Recorded data:
===

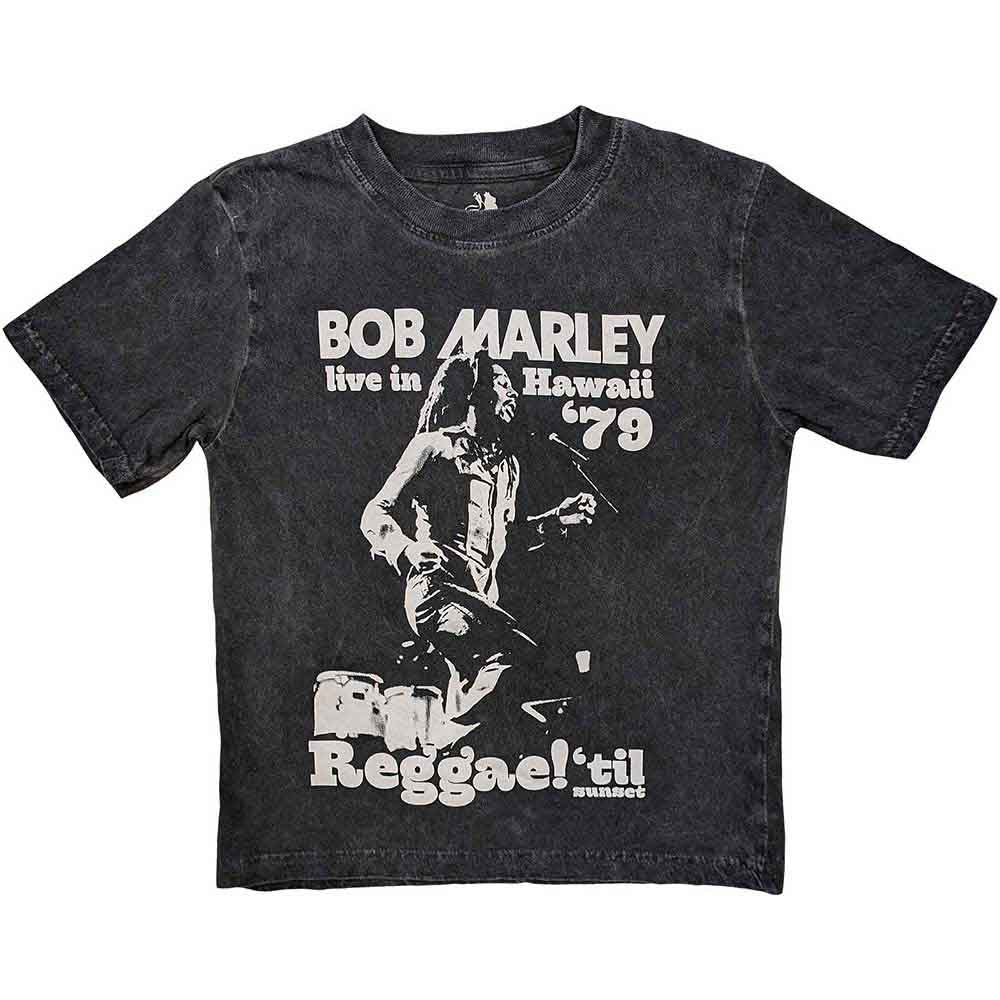 Bob Marley Kids T-Shirt: Hawaii Snow Wash (Charcoal Grey) (Wash Collection)
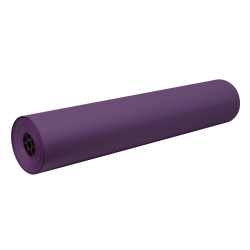 Tru-Ray Construction Paper Art Roll, Heavyweight, 36" x 500', Purple, 1 Roll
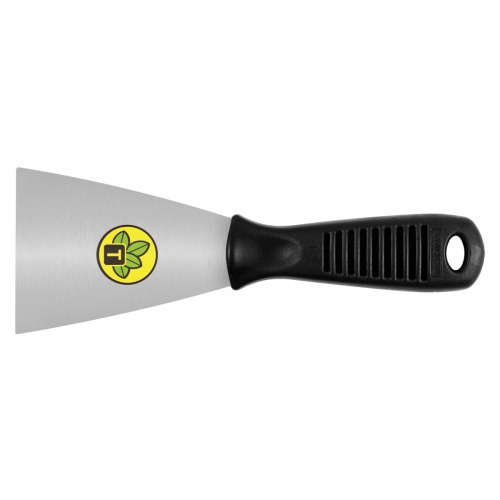 Esp�tula flex�vel met�lica 8 cm com cabo pl�stico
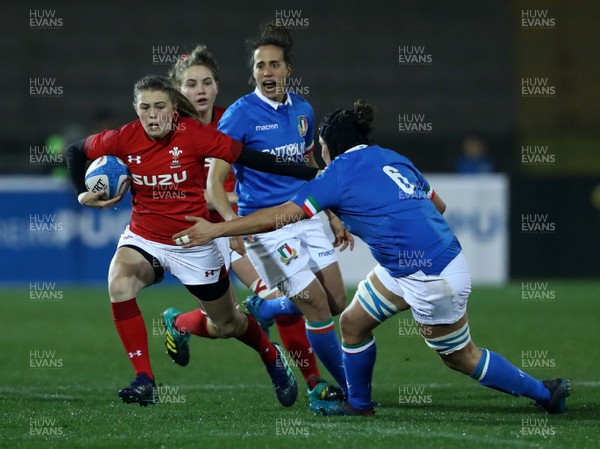 090219 - Italy v Wales - Guinness Women's Six Nations -  Lauren Smyth of Wales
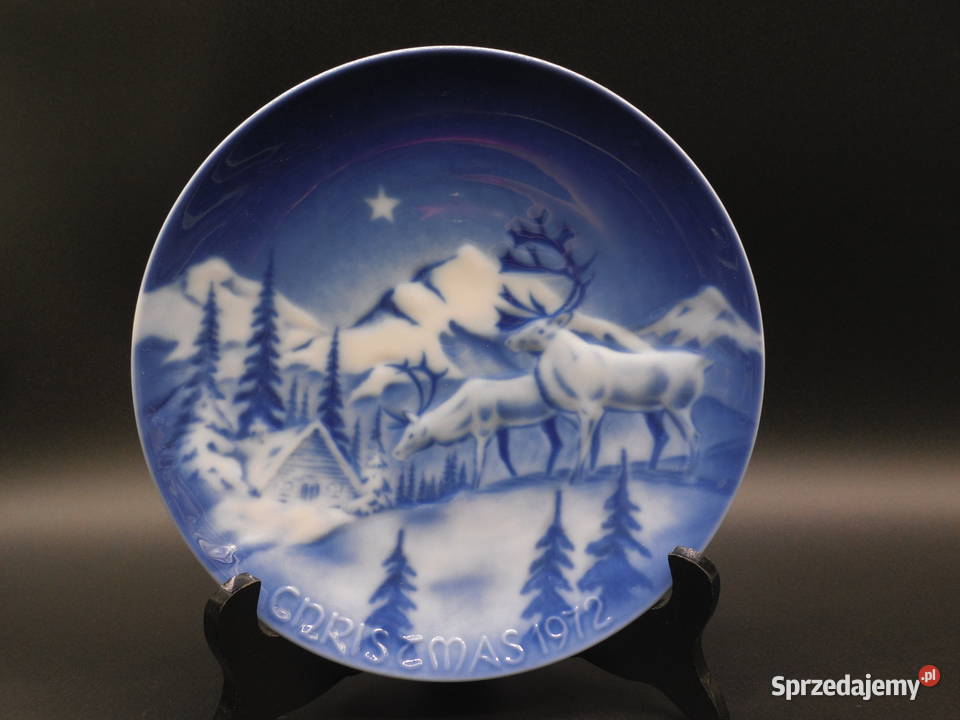 Talerz kolekcjonerski Royal Copenhagen Christmas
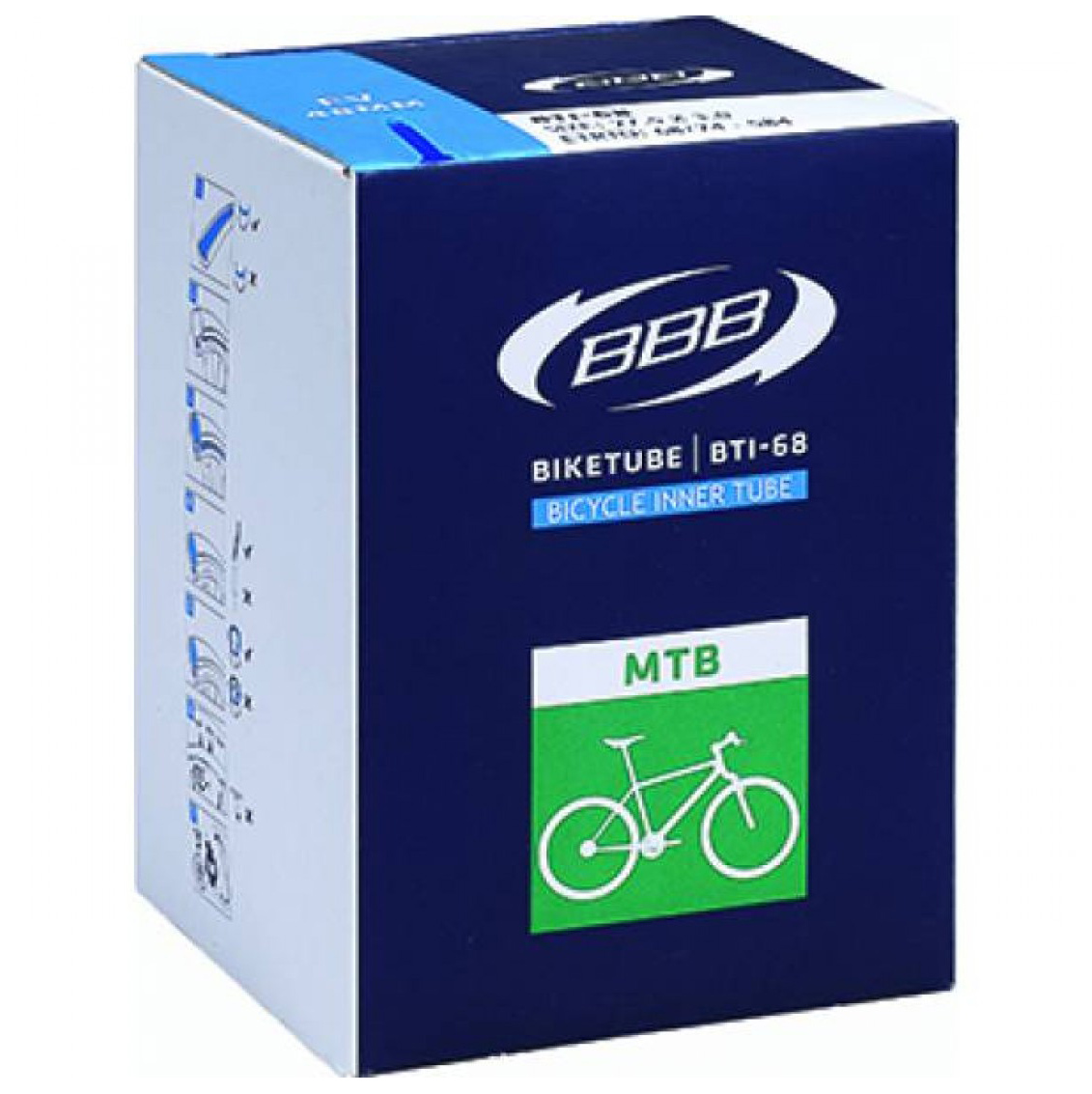  Камера для велосипеда BBB BTI-68 BikeTube 27.5*2,00/2.40 FV 48mm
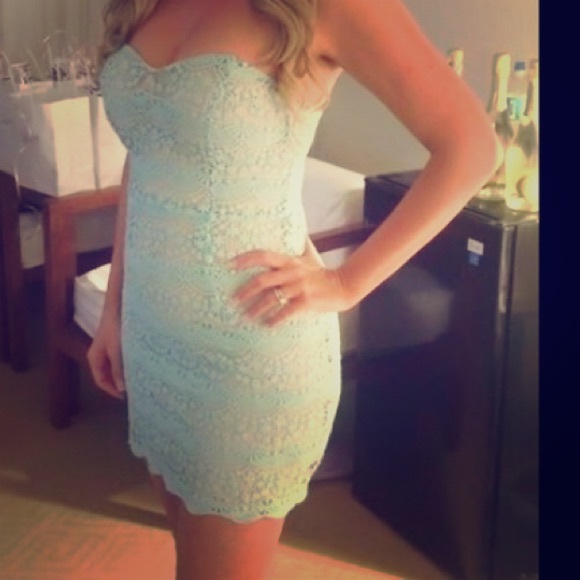 Bundled price 2 dresses teal &white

===

About this task:
Transcribe every line from the one with "Камера для велосипеда" to the last line of the records above, exactly, excluding pictures.

Answer box:
  Камера для велосипеда BBB BTI-68 BikeTube 27.5*2,00/2.40 FV 48mm
 Bundled price 2 dresses teal &white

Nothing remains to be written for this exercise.